[EXERCISE DESCRIPTION] Transcribe, verbatim, every line from the start of the entries through the line that contains "Vintage sticker for Veterans day (Front)"; include both boundary lines and omit all others.

[GIVEN ENTRIES]
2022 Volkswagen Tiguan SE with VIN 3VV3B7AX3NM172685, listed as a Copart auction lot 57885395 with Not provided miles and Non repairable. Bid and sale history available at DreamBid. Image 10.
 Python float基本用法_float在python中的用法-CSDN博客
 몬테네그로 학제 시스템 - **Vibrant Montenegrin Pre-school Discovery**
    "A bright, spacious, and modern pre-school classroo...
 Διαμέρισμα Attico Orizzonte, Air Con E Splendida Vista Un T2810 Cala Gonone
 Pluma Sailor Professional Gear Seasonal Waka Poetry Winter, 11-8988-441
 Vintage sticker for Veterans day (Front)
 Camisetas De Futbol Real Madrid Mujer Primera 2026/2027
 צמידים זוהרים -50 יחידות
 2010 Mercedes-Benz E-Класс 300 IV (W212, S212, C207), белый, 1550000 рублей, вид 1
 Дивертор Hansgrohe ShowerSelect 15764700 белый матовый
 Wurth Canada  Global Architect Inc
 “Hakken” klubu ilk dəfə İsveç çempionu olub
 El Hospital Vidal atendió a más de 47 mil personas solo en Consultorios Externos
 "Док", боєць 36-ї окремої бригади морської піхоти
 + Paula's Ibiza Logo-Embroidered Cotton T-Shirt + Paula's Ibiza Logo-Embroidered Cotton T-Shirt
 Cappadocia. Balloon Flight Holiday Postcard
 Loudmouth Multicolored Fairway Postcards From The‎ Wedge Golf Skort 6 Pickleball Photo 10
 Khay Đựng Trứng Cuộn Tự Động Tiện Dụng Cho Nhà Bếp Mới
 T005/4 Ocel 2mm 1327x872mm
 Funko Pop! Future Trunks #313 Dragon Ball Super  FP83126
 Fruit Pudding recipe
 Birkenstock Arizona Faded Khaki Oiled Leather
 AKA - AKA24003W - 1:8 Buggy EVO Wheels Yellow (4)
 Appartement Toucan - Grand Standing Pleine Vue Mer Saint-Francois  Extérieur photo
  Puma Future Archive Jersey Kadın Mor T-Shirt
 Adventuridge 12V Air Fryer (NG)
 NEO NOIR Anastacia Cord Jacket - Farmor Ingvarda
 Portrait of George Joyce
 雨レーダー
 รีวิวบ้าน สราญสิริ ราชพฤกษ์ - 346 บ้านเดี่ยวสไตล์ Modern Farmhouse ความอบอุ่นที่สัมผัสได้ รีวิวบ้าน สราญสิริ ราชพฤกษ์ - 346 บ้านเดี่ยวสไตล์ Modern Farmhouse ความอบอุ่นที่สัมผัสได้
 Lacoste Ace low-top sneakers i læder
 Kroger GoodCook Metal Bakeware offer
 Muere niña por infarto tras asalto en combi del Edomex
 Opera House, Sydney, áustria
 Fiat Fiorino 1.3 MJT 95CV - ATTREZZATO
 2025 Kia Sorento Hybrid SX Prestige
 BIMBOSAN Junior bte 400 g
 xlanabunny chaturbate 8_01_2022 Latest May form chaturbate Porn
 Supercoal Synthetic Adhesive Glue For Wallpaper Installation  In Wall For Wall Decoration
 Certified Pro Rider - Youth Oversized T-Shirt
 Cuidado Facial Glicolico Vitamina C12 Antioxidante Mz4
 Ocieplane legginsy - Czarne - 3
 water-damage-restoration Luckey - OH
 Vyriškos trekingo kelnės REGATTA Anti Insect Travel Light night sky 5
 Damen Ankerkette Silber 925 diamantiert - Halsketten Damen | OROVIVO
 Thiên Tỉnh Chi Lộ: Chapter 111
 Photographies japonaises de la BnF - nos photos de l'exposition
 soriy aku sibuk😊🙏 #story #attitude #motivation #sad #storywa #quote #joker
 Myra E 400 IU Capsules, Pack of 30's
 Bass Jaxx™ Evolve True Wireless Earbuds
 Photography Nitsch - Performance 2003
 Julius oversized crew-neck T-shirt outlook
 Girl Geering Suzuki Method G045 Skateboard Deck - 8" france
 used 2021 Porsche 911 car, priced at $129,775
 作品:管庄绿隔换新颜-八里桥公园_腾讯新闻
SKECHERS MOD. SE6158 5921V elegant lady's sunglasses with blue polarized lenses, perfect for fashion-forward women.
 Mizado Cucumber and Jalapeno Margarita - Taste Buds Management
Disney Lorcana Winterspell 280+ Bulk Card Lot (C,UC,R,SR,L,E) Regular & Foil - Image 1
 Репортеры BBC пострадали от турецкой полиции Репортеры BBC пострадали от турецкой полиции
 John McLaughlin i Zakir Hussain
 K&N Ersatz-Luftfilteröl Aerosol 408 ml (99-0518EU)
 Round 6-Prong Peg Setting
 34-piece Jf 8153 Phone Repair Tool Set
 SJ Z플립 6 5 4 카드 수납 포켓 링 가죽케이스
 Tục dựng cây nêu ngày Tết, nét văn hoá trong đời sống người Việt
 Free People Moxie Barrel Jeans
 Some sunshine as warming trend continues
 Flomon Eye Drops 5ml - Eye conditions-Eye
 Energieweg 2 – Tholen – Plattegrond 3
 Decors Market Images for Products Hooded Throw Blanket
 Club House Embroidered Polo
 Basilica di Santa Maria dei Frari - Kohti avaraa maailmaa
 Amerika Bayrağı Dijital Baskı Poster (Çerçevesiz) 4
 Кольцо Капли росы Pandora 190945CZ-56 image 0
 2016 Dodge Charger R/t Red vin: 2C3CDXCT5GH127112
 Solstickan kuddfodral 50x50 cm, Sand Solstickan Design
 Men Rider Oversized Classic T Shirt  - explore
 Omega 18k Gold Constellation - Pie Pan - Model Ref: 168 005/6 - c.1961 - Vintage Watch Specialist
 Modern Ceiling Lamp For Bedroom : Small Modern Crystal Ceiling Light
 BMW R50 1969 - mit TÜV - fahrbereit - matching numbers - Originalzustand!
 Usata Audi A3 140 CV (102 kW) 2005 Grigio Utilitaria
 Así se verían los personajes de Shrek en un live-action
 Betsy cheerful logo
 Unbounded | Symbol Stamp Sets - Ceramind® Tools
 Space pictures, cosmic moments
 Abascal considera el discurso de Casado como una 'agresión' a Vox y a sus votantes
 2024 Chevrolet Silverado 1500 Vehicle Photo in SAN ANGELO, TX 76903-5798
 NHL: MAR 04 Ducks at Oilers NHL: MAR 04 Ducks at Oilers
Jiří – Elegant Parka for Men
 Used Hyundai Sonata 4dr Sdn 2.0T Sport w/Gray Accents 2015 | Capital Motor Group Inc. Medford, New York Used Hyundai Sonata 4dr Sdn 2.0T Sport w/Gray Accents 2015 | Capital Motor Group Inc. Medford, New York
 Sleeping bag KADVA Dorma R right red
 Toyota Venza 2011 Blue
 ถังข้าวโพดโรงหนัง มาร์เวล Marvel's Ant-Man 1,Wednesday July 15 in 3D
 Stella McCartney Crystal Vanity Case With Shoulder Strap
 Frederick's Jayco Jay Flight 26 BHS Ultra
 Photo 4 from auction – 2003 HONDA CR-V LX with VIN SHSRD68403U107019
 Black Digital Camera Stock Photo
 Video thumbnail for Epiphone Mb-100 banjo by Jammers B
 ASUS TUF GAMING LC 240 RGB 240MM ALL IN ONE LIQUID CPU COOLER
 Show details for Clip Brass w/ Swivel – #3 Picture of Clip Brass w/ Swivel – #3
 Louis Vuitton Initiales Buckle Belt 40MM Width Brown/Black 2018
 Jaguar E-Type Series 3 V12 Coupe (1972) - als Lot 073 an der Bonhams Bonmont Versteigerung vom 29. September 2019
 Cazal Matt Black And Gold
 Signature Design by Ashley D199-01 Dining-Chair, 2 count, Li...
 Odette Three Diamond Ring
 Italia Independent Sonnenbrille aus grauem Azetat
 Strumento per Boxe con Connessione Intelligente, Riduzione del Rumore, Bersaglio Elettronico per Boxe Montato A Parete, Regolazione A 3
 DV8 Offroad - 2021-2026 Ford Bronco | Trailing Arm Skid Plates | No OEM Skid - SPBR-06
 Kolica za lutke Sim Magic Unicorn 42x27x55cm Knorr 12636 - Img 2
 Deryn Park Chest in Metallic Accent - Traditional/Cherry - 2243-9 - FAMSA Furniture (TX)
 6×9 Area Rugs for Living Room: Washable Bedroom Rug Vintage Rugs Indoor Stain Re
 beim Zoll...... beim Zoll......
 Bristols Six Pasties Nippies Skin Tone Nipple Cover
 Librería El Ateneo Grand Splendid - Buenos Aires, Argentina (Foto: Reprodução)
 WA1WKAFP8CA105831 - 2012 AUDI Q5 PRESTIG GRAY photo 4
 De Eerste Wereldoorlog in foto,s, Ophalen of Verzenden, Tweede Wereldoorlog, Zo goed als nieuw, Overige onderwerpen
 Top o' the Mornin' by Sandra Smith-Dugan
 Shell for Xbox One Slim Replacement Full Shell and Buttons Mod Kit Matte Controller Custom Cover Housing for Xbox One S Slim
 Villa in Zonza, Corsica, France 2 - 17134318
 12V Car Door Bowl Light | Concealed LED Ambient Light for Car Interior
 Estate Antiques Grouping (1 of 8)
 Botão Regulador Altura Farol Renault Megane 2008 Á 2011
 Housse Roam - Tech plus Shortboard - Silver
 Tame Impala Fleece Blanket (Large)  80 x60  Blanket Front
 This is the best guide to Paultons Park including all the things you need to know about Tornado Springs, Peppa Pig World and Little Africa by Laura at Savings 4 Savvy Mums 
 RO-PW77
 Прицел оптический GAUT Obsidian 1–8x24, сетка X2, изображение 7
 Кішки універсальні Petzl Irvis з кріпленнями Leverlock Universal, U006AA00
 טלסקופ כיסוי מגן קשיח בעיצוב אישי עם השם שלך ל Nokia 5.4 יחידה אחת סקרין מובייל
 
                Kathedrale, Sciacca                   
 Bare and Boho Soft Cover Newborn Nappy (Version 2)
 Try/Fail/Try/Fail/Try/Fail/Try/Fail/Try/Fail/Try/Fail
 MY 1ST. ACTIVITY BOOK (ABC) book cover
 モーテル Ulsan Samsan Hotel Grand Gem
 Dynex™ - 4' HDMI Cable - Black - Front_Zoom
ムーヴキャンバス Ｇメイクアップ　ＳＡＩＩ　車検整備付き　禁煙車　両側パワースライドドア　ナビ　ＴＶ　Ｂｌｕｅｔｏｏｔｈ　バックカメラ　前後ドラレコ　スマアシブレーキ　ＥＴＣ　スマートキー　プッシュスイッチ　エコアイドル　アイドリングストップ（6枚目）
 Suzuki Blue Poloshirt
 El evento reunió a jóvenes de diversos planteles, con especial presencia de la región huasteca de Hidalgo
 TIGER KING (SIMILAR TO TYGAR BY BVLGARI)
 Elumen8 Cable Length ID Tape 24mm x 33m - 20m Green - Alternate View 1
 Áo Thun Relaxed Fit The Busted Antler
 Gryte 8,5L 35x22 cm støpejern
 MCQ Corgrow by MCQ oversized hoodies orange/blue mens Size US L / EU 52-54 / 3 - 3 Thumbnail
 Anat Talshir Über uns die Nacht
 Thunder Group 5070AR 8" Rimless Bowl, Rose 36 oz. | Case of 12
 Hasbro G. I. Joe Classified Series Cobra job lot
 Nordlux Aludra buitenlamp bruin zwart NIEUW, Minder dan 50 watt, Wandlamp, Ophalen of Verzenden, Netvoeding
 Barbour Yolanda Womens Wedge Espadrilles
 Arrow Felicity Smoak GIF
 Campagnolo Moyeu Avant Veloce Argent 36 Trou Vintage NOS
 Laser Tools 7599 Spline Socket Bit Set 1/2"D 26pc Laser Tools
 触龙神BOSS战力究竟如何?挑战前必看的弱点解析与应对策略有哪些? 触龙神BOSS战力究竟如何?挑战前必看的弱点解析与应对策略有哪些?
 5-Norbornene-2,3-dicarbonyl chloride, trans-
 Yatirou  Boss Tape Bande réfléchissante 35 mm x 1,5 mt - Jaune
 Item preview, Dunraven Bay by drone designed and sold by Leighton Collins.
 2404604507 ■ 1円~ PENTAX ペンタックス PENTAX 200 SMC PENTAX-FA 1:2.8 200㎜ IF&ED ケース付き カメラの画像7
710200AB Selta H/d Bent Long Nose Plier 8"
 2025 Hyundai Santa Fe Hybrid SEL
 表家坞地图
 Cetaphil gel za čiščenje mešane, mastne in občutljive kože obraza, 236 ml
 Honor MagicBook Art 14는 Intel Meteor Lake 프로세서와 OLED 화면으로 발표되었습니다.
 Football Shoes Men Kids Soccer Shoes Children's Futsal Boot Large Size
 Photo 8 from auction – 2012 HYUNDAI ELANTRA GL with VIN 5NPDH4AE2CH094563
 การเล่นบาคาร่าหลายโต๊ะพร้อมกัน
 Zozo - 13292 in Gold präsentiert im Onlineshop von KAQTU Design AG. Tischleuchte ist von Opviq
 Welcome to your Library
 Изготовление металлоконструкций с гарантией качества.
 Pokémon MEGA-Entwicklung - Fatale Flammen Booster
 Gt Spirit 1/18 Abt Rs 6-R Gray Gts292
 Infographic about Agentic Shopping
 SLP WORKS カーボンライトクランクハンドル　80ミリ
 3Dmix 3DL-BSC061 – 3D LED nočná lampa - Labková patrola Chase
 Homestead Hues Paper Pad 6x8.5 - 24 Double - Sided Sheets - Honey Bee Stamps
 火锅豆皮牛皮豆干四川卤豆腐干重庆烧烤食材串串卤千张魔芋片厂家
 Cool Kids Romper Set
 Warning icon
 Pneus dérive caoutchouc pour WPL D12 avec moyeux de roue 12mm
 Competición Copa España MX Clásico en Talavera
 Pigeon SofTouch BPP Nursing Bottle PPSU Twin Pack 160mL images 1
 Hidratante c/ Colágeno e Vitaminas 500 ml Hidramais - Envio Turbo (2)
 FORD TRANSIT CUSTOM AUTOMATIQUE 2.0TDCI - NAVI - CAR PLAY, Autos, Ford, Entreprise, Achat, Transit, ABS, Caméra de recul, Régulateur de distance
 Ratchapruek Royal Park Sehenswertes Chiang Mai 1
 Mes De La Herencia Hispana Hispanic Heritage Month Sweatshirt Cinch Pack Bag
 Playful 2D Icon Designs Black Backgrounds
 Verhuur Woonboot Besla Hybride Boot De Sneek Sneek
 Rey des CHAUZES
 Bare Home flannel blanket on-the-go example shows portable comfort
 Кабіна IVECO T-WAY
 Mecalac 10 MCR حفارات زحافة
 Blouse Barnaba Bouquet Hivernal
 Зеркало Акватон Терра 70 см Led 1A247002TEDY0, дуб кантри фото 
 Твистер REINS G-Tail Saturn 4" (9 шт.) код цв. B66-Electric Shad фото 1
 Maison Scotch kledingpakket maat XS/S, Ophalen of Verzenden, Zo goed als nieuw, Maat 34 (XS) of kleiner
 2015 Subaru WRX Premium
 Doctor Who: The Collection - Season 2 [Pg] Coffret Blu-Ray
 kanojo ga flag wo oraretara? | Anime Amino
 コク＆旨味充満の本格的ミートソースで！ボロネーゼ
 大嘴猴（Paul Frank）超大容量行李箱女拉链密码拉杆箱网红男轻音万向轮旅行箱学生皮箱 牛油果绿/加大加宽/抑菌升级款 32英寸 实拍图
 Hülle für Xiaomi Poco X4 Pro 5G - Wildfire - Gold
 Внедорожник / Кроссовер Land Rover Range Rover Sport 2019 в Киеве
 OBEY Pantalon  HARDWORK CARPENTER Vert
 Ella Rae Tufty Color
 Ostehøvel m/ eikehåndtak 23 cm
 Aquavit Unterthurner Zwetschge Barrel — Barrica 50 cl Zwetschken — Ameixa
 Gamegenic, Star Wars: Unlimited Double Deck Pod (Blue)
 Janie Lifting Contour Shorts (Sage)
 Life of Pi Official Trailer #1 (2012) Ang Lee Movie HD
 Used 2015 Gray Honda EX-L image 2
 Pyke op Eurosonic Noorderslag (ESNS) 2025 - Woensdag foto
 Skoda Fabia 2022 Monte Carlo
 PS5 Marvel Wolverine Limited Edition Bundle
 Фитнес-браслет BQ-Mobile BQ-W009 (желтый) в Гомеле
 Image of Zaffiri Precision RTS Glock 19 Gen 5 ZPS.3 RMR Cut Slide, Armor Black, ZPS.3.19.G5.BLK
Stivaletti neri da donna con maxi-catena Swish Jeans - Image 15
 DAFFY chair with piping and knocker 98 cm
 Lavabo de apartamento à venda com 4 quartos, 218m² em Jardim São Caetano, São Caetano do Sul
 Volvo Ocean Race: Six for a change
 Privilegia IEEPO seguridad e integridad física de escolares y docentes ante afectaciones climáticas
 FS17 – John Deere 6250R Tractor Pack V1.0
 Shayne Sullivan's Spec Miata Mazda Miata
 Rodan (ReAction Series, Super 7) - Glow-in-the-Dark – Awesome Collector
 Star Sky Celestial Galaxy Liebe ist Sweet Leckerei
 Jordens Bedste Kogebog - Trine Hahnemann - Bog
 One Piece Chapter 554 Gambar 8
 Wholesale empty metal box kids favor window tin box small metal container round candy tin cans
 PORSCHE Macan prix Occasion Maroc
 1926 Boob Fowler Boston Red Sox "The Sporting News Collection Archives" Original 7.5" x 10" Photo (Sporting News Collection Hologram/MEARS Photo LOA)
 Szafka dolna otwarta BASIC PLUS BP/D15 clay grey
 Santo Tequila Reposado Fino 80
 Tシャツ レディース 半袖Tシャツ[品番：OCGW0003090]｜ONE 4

[ANSWER AREA]
2022 Volkswagen Tiguan SE with VIN 3VV3B7AX3NM172685, listed as a Copart auction lot 57885395 with Not provided miles and Non repairable. Bid and sale history available at DreamBid. Image 10.
 Python float基本用法_float在python中的用法-CSDN博客
 몬테네그로 학제 시스템 - **Vibrant Montenegrin Pre-school Discovery**
    "A bright, spacious, and modern pre-school classroo...
 Διαμέρισμα Attico Orizzonte, Air Con E Splendida Vista Un T2810 Cala Gonone
 Pluma Sailor Professional Gear Seasonal Waka Poetry Winter, 11-8988-441
 Vintage sticker for Veterans day (Front)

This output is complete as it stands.